I would like to join two pyspark dataframes if at least one of two conditions is satisfied.
Toy data:
df1 = spark.createDataFrame([
(10, 1, 666),
(20, 2, 777),
(30, 1, 888),
(40, 3, 999),
(50, 1, 111),
(60, 2, 222),
(10, 4, 333),
(50, None, 444),
(10, 0, 555),
(50, 0, 666)
],
['var1', 'var2', 'other_var']
)
df2 = spark.createDataFrame([
(10, 1),
(20, 2),
(30, None),
(30, 0)
],
['var1_', 'var2_']
)
I would like to maintain all those rows of df1
where var1
is present in the distinct values of df2.var1_
OR var2
is present in the distinct values of df2.var2_
(but not in the case where such value is 0).

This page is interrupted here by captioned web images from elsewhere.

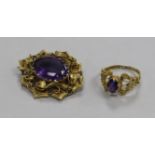 A Victorian yellow metal and amethyst brooch and a similar ring.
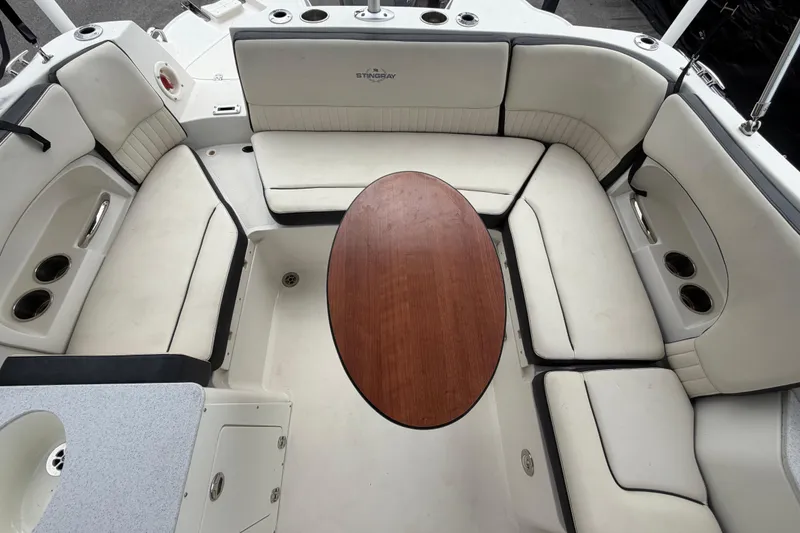 Slide: The Image of 2023 Stingray 231 DC boat interior with cushioned seating and wooden table. - 54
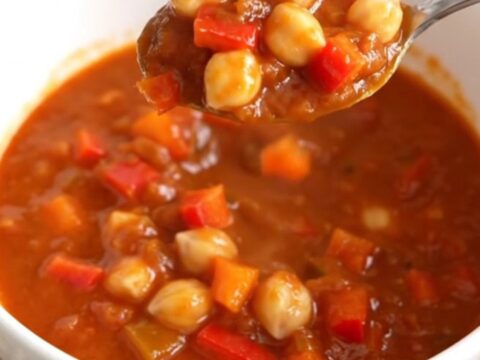 A close-up of a white bowl filled with smoky chickpea chili, featuring chickpeas and diced peppers in a thick red sauce.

So, the expected output would be
+----+----+---------+-----+-----+
|var1|var2|other_var|var1_|var2_|
+----+----+---------+-----+-----+
| 10| 1| 666| 10| 1| # join on both var1 and var2
| 20| 2| 777| 20| 2| # join on both var1 and var2
| 30| 1| 888| 10| 1| # join on both var1 and var2
| 50| 1| 111| 10| 1| # join on var2
| 60| 2| 222| 20| 2| # join on var2
| 10| 4| 333| 10| 1| # join on var1
| 10| 0| 555| 10| 1| # join on var1
+----+----+---------+-----+-----+
Among the other attempts, I tried
cond = [(df1.var1 == (df2.select('var1_').distinct()).var1_) | (df1.var2 == (df2.filter(F.col('var2_') != 0).select('var2_').distinct()).var2_)]
df1\
.join(df2, how='inner', on=cond)\
.show()
+----+----+---------+-----+-----+
|var1|var2|other_var|var1_|var2_|
+----+----+---------+-----+-----+
| 10| 1| 666| 10| 1|
| 20| 2| 777| 20| 2|
| 30| 1| 888| 10| 1|
| 50| 1| 111| 10| 1|
| 30| 1| 888| 30| null|
| 30| 1| 888| 30| 0|
| 60| 2| 222| 20| 2|
| 10| 4| 333| 10| 1|
| 10| 0| 555| 10| 1|
| 10| 0| 555| 30| 0|
| 50| 0| 666| 30| 0|
+----+----+---------+-----+-----+
but I obtained more rows than expected, and the rows where var2 == 0
were also preserved.
What am I doing wrong?
Note: I'm not using the .isin
method because my actual df2
has around 20k rows and I've read here that this method with a large number of IDs could have a bad performance.
Try the condition below:
cond = (df2.var2_ != 0) & ((df1.var1 == df2.var1_) | (df1.var2 == df2.var2_))
df1\
.join(df2, how='inner', on=cond)\
.show()
+----+----+---------+-----+-----+
|var1|var2|other_var|var1_|var2_|
+----+----+---------+-----+-----+
| 10| 1| 666| 10| 1|
| 30| 1| 888| 10| 1|
| 20| 2| 777| 20| 2|
| 50| 1| 111| 10| 1|
| 60| 2| 222| 20| 2|
| 10| 4| 333| 10| 1|
| 10| 0| 555| 10| 1|
+----+----+---------+-----+-----+
The condition should only include the columns from the two dataframes to be joined. If you want to remove var2_ = 0
, you can put them as a join condition, rather than as a filter.
There is also no need to specify distinct
, because it does not affect the equality condition, and also adds an unnecessary step.